▶ **RECORDED DATA**:
%%

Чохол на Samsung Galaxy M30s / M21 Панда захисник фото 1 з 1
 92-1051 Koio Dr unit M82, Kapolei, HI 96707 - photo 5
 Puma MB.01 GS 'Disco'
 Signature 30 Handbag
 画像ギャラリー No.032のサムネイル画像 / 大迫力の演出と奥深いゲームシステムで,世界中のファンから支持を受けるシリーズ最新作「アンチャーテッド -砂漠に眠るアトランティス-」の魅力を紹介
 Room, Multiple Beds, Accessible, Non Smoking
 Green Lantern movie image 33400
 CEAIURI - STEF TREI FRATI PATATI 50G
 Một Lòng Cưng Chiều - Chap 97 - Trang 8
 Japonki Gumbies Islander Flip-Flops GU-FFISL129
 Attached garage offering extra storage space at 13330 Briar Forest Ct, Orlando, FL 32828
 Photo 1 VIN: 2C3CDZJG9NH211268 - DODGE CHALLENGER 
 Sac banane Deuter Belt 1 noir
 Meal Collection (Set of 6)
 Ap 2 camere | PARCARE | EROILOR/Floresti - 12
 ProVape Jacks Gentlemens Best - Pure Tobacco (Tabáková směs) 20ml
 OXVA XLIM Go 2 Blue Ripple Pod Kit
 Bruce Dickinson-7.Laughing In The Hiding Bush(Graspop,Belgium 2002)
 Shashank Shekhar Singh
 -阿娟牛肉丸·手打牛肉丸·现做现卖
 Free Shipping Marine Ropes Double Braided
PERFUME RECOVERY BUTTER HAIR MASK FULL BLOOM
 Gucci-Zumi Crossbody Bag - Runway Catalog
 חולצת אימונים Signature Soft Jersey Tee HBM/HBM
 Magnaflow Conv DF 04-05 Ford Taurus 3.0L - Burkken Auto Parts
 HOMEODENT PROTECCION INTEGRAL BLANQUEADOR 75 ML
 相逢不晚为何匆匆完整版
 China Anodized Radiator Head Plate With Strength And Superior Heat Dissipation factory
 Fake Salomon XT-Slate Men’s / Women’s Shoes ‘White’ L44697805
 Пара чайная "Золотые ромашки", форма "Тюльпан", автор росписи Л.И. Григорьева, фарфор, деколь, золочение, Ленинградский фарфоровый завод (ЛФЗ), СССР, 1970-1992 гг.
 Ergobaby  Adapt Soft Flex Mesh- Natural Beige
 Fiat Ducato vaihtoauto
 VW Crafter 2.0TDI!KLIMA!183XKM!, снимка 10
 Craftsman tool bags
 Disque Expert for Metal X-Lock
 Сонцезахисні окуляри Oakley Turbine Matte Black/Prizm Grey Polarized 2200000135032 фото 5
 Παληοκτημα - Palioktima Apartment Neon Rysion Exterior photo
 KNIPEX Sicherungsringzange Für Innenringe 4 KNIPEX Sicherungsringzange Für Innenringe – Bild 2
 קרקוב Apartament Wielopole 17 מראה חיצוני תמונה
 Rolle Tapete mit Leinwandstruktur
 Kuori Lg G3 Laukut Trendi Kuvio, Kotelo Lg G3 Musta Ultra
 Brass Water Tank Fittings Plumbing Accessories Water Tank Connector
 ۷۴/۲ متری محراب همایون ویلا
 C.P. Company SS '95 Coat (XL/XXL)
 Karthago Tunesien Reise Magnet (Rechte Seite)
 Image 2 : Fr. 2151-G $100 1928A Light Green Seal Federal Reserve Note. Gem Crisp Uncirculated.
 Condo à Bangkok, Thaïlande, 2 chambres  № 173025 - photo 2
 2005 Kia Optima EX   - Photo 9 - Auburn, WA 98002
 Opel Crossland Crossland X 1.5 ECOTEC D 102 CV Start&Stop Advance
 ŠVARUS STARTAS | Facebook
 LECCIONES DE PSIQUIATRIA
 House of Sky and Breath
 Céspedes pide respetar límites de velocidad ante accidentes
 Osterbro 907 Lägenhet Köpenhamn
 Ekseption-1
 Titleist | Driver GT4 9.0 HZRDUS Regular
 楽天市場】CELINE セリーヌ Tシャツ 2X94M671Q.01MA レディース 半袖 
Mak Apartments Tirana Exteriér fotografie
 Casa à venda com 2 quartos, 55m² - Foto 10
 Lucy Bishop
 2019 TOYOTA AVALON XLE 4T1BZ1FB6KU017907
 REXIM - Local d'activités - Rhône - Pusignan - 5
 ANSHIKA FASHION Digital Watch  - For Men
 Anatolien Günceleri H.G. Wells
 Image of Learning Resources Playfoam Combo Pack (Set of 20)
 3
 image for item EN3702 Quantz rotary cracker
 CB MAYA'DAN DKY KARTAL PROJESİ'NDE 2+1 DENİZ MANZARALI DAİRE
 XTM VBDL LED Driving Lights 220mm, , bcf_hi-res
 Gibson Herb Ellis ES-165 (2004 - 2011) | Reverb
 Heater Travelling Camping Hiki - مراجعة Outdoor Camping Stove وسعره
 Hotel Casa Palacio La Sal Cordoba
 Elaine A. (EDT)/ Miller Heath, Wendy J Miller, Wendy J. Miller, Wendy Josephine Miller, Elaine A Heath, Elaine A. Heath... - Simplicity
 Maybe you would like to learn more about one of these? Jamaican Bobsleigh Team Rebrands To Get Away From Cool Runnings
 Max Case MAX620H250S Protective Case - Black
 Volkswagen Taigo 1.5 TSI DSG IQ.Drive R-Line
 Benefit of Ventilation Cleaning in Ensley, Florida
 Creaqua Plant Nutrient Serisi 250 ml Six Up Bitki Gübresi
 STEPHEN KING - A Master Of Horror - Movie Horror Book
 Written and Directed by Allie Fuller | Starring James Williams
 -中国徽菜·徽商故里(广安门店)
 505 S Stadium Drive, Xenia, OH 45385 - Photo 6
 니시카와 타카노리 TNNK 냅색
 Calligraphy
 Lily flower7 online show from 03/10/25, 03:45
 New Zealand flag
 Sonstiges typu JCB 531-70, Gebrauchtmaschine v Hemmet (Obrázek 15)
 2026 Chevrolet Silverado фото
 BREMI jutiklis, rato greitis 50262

%%

▶ **DIRECTIONS FOR THIS TASK**:
Starting at the line above that holds "楽天市場】CELINE セリーヌ Tシャツ" and ending at the line that holds "Gibson Herb Ellis", transcribe each line exactly and include no other lines.

▶ **WORKED SOLUTION**:
 楽天市場】CELINE セリーヌ Tシャツ 2X94M671Q.01MA レディース 半袖 
Mak Apartments Tirana Exteriér fotografie
 Casa à venda com 2 quartos, 55m² - Foto 10
 Lucy Bishop
 2019 TOYOTA AVALON XLE 4T1BZ1FB6KU017907
 REXIM - Local d'activités - Rhône - Pusignan - 5
 ANSHIKA FASHION Digital Watch  - For Men
 Anatolien Günceleri H.G. Wells
 Image of Learning Resources Playfoam Combo Pack (Set of 20)
 3
 image for item EN3702 Quantz rotary cracker
 CB MAYA'DAN DKY KARTAL PROJESİ'NDE 2+1 DENİZ MANZARALI DAİRE
 XTM VBDL LED Driving Lights 220mm, , bcf_hi-res
 Gibson Herb Ellis ES-165 (2004 - 2011) | Reverb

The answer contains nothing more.